また物事を言い切る力が弱いについては、事前の準備が足りずに相手の意見に誘導されやすく、間違っても良いから自信を持って言い切る力が弱かったらしい。そこで私と一緒になって難しく考えずにいろいろと考え方の方向づけをナビゲートしてあげた。
そして2回目のヒアリングを迎えた。何といろいろとまとめた書類を持ってこられ、まず「タイムマネジメント」については数日間の自分の行動記録をとり、時間の使い方の分析をされていた。そして彼女の言葉で言えば「すきま時間=予定と予定の間に生じた短時間の余裕時間(無駄な時間)」が一日平均60分あると言うではないか、要は自分では気づかずに、やや無駄な非効率的な作業をしていたと言う。そしてその余裕時間をたびたびしていたメールチェツクに集中し、今まで手薄だった後輩の指導時間に充てると言いきられたのであった。また1回だけでは不十分なので1カ月が経過したら必ず結果の検証をして、次のステップにつなげる決意だと言われた。凄い気づきと行動力であった。

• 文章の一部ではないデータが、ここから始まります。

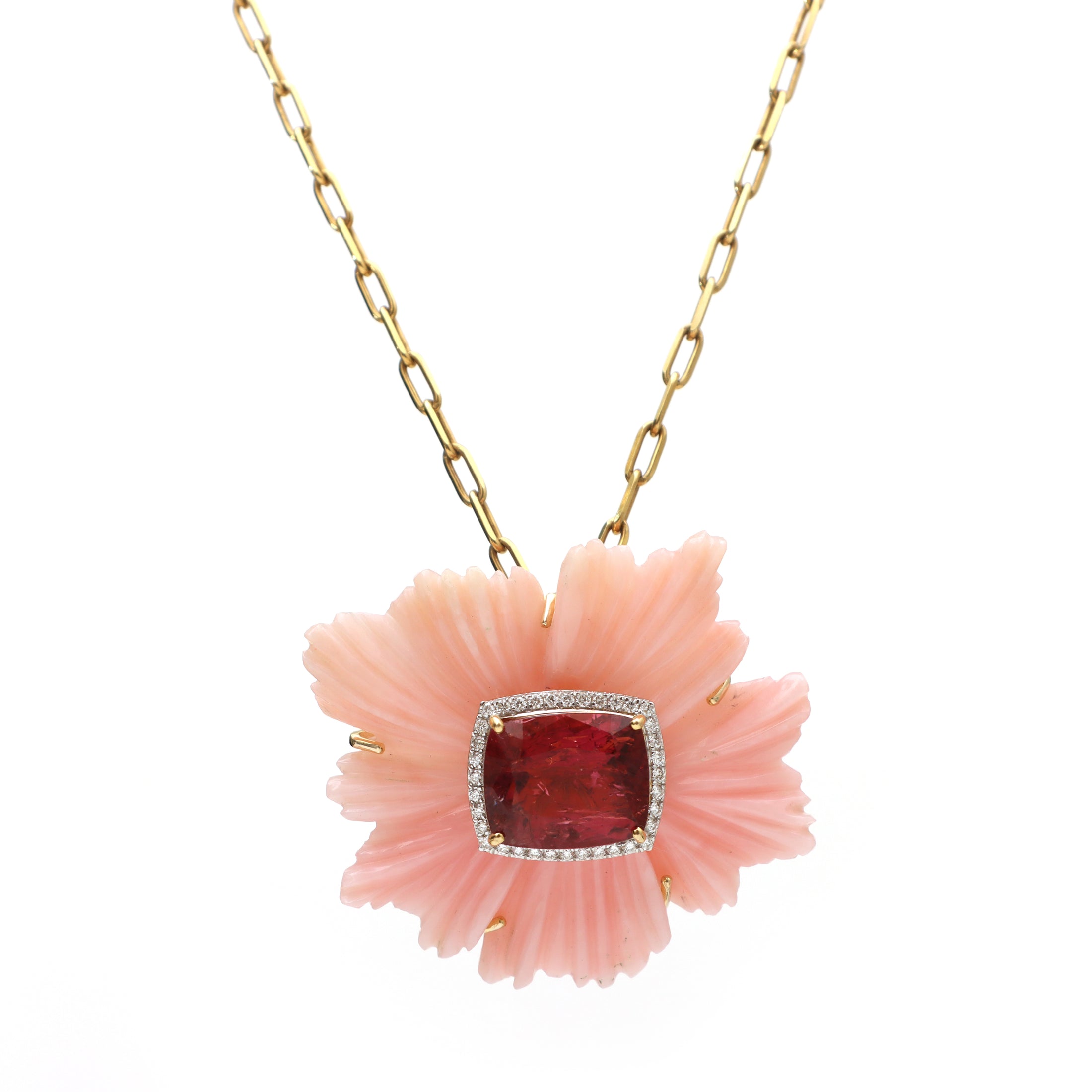 Natural Tourmaline Cushion Cut and Pink Opal Carving Flower 14K gold pendant front view - NFJSD-1283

しかも最近は時間外も減ったと言うではないか。「物事を言い切る力」についてはまずは間違っても良いから「結論」から先に言うように強く意識したらしい。そのためには結論に至るプロセスも以前にも増して十分に考える癖を付けたのである。上司との報・連・相もかなりスムーズになり、上司からも「分かり易くなったね」と言われたと喜んでいた。何よりも私との個別ヒアリングでは1回目に比べ、お互いのキャッチボールがスムーズに進んだのは言うまでもない。長年個別ヒアリングをしているがこんなに短期に変化された方は珍しい。
最後に私の「何故そんなに変身したの?」との問いに、最少は課題も漠然と捉えただけだったが、このヒアリングを通して難しく考えずに自分の出来ることを考えて課題がはっきり見えて来たからと言われた。
こんなに速く気づかれた彼女は現在、部門内で大活躍されているようだ。